Provided records:
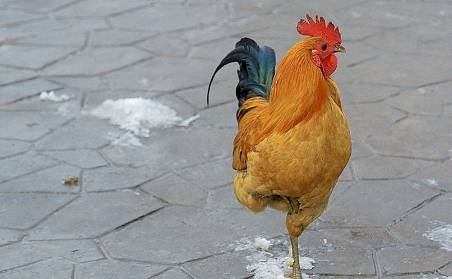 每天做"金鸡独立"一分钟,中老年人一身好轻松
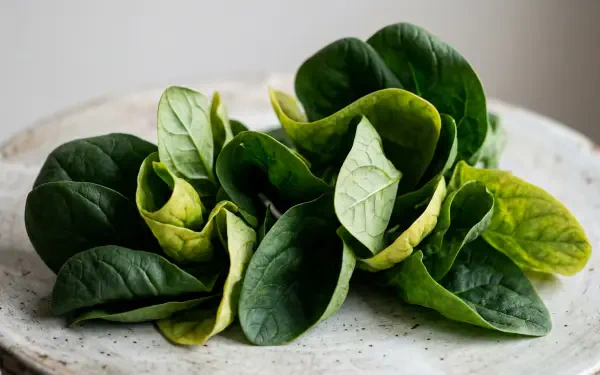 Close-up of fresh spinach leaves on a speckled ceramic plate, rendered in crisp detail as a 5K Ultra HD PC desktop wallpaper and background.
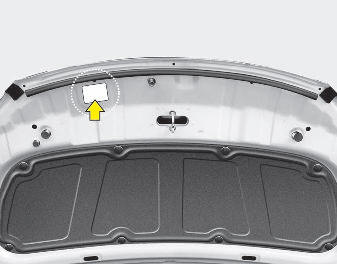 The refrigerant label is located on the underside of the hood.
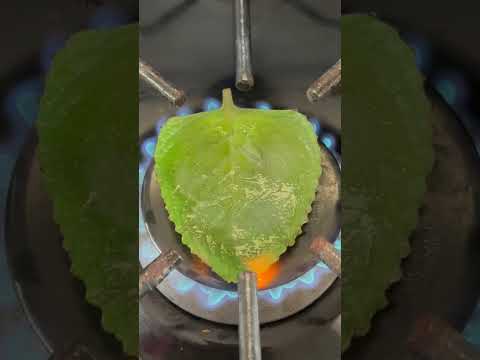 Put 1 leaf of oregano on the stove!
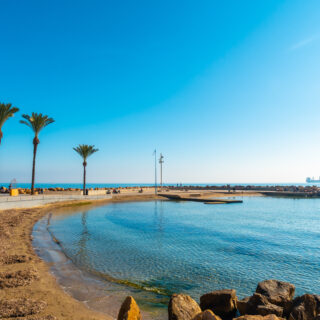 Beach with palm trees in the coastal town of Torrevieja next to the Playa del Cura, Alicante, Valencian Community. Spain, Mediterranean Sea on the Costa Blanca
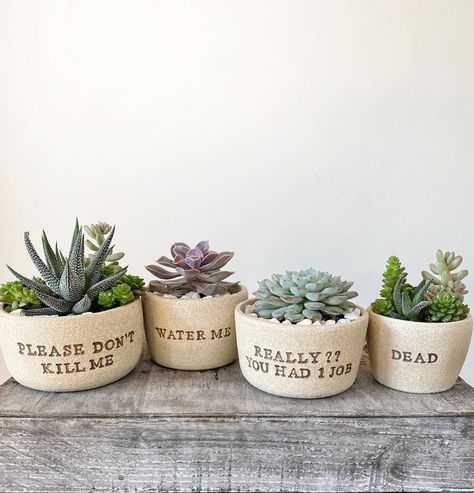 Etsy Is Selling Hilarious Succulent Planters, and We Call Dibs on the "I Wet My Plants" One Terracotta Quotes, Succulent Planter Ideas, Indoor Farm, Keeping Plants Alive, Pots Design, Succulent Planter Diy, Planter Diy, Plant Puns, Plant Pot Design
...
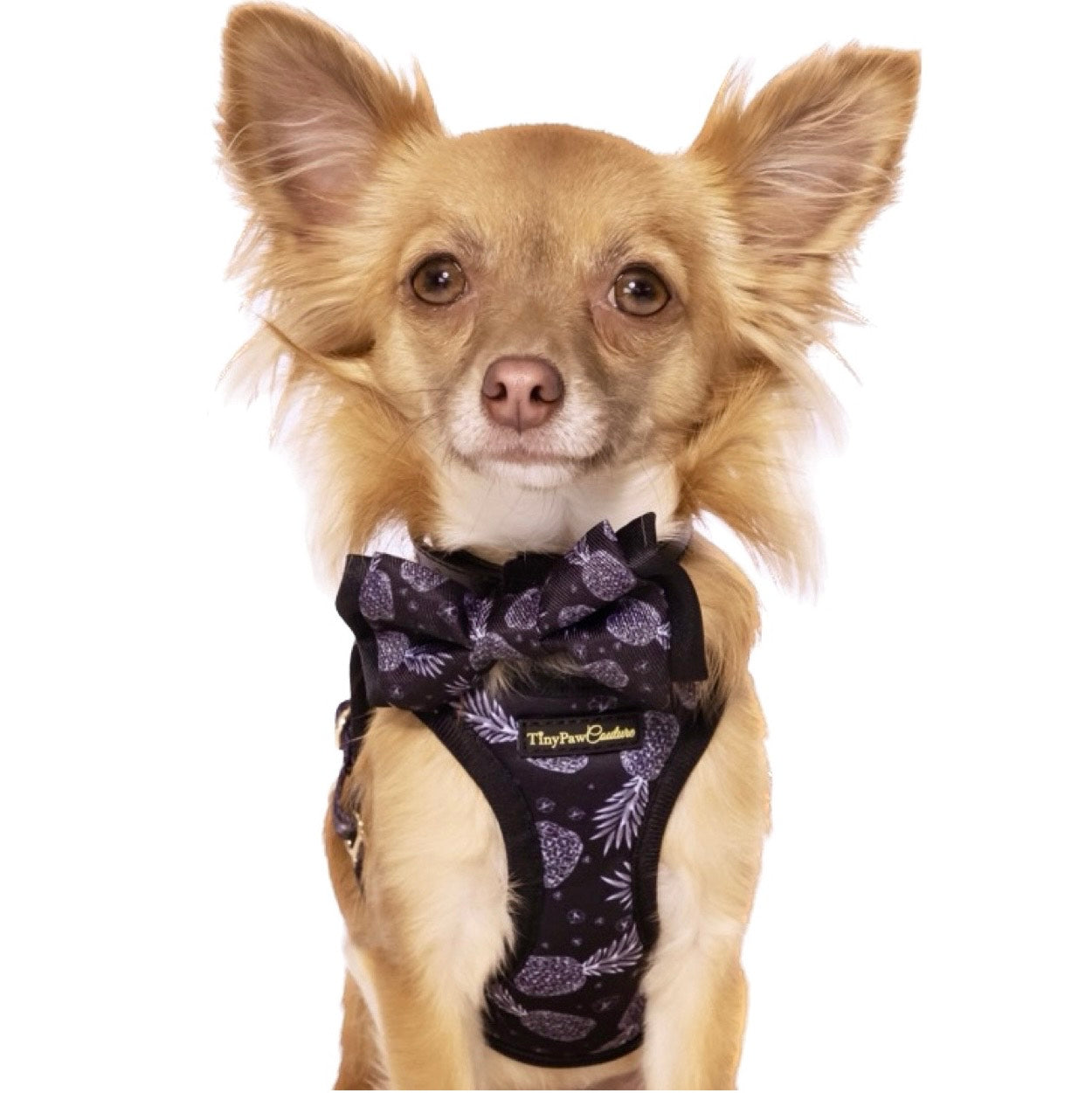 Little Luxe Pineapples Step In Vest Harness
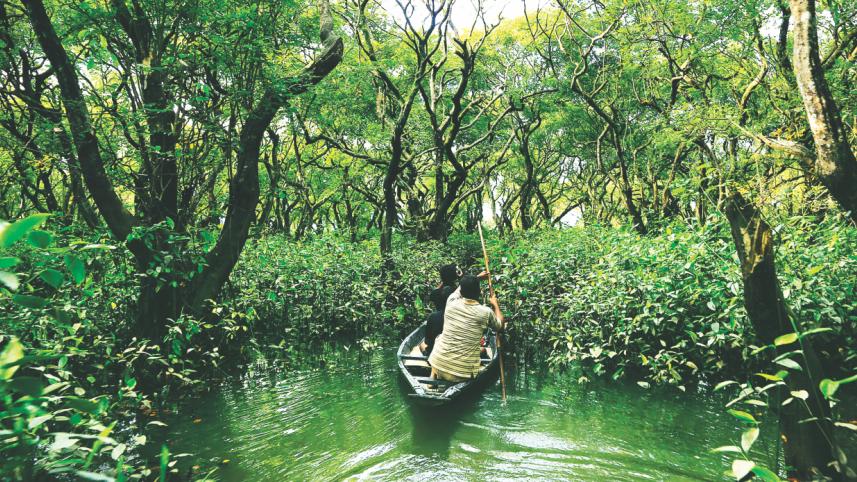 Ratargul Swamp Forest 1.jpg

Problem to work on:
Both boundary lines included, write out word for word only the lines above from the one containing "Close-up of fresh" to the one containing "Etsy Is Selling", leaving out any pictures.

Answer to the exercise:
 Close-up of fresh spinach leaves on a speckled ceramic plate, rendered in crisp detail as a 5K Ultra HD PC desktop wallpaper and background.
 The refrigerant label is located on the underside of the hood.
 Put 1 leaf of oregano on the stove!
 Beach with palm trees in the coastal town of Torrevieja next to the Playa del Cura, Alicante, Valencian Community. Spain, Mediterranean Sea on the Costa Blanca
 Etsy Is Selling Hilarious Succulent Planters, and We Call Dibs on the "I Wet My Plants" One Terracotta Quotes, Succulent Planter Ideas, Indoor Farm, Keeping Plants Alive, Pots Design, Succulent Planter Diy, Planter Diy, Plant Puns, Plant Pot Design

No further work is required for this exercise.